Too soon, the bell rings and we kiss each other on the cheek before we go off to our first-hour classes.  Mine’s biology in the east wing whilst hers is advanced maths in the south wing.

On my way to class, I pass a couple of the kids from my music composition class and I wave a hasty hi and bye.  Mr Burns is notorious for giving detentions to his late students and I do not want to start off the year on the wrong foot.

By the time I’m in the correct classroom (I don’t know how I still can get lost in a school that I’ve been attending for years) I’m all out of breath and sweating slightly.

Just as I unpack my knapsack, Mr Burns walks in with his signature frown deeply etched onto his face.

“Class, take out your notebook and we’ll get started on today’s lesson.”  Nice, very concise. “But before we do, we have a new student amongst us today.  Mr Malik?”

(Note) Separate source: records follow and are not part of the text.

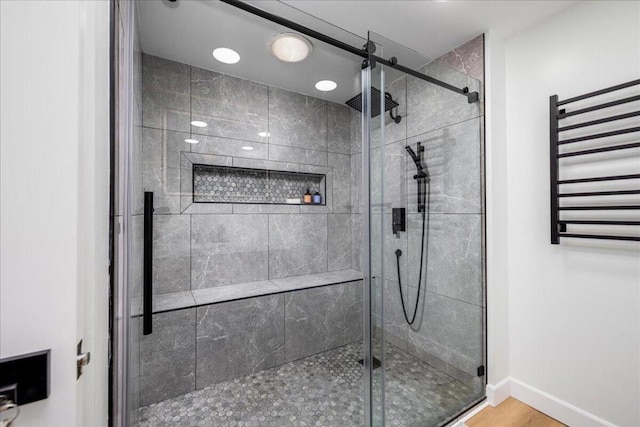 bathroom with hardwood / wood-style flooring, an enclosed shower, and radiator heating unit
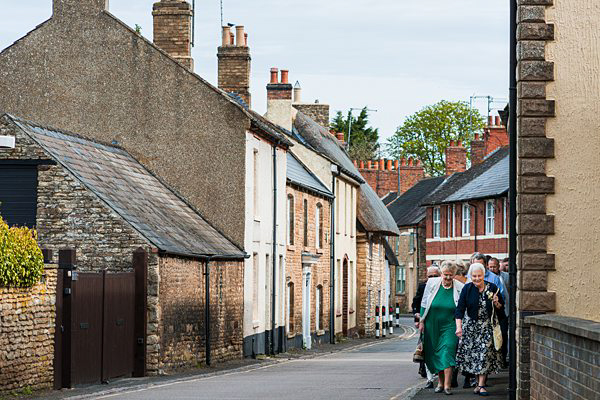 Elderly women walking down quaint British village street.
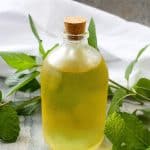 mint simple syrup in a bottle
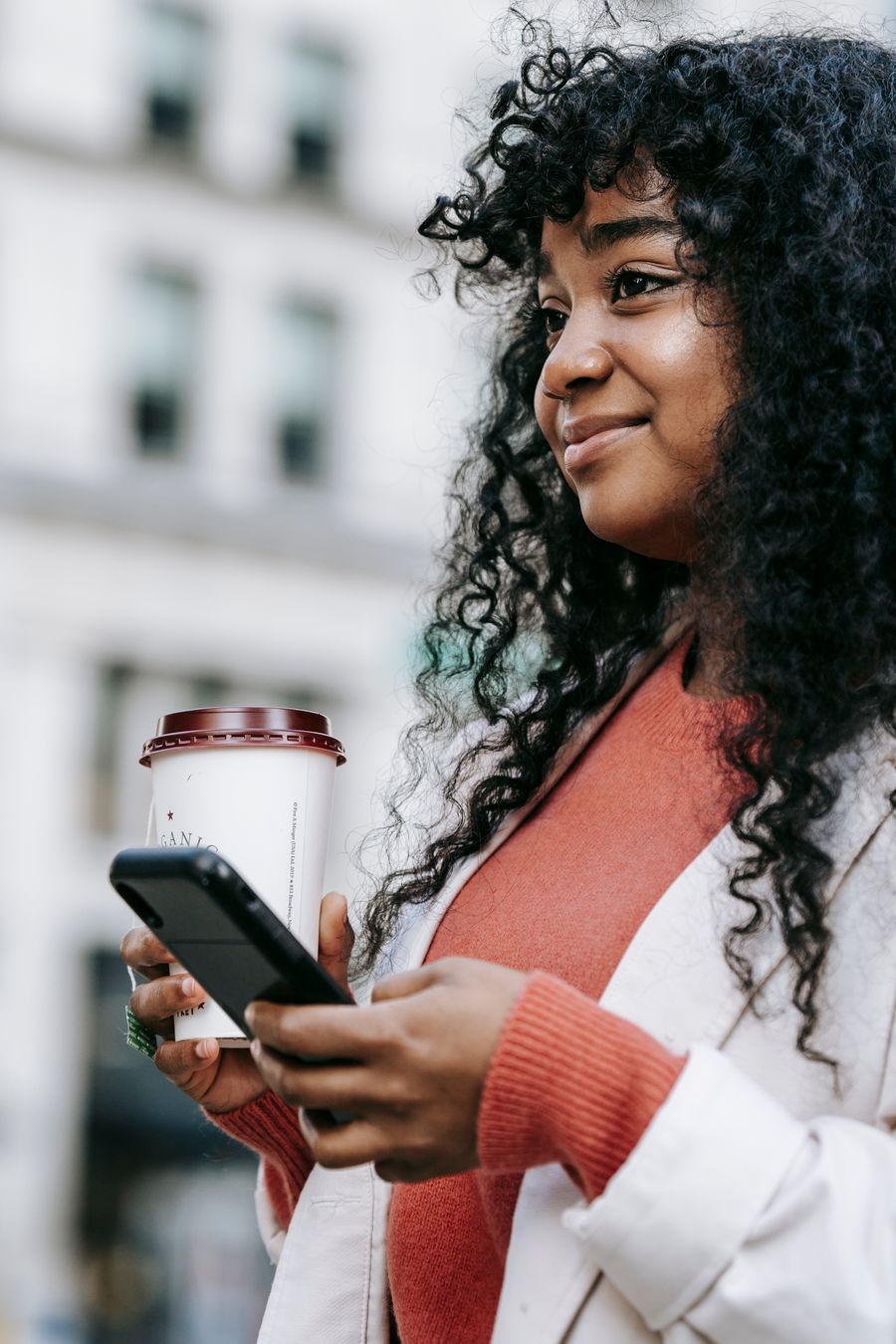 Une jeune femme consulte son smartphone en ville, un café à la main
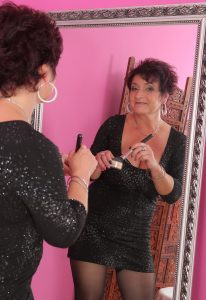 Vrela prezgodna matorka kratke crne kose pozira u seksi odeći pred ogledalom dok se šminka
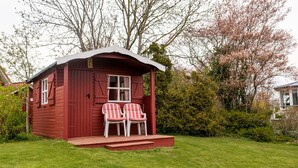 Una pequeña cabaña roja de madera con un porche y dos sillas a rayas.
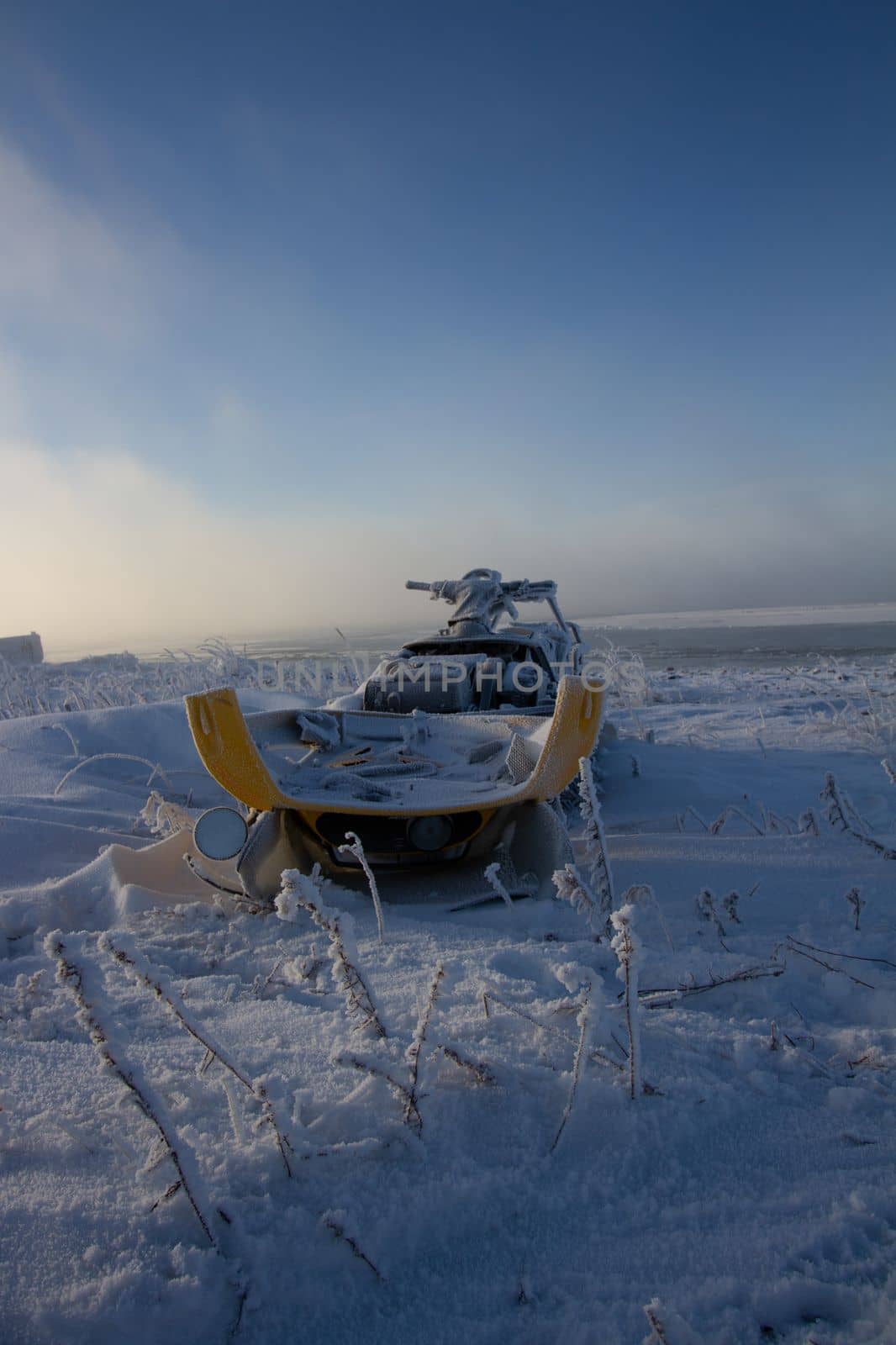Old snowmobile sitting on a snow covered landscape by Granchinho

Subconsciously, my fingers grip onto the edge of my writing desk.  Malik isn’t that common in the UK, so can it be . . . ?

A leather-clad lad with an impeccable brown-black quiff and flawless olive skin walks in.  His amber-brown eyes are framed by the thickest, longest eyelashes that are a little clumped together.  And his dark lips are set in a permanent pout.

Yup, it’s Zayn Malik, the one and only.

He’s back in town.

So much for a sweet seventeen tomorrow.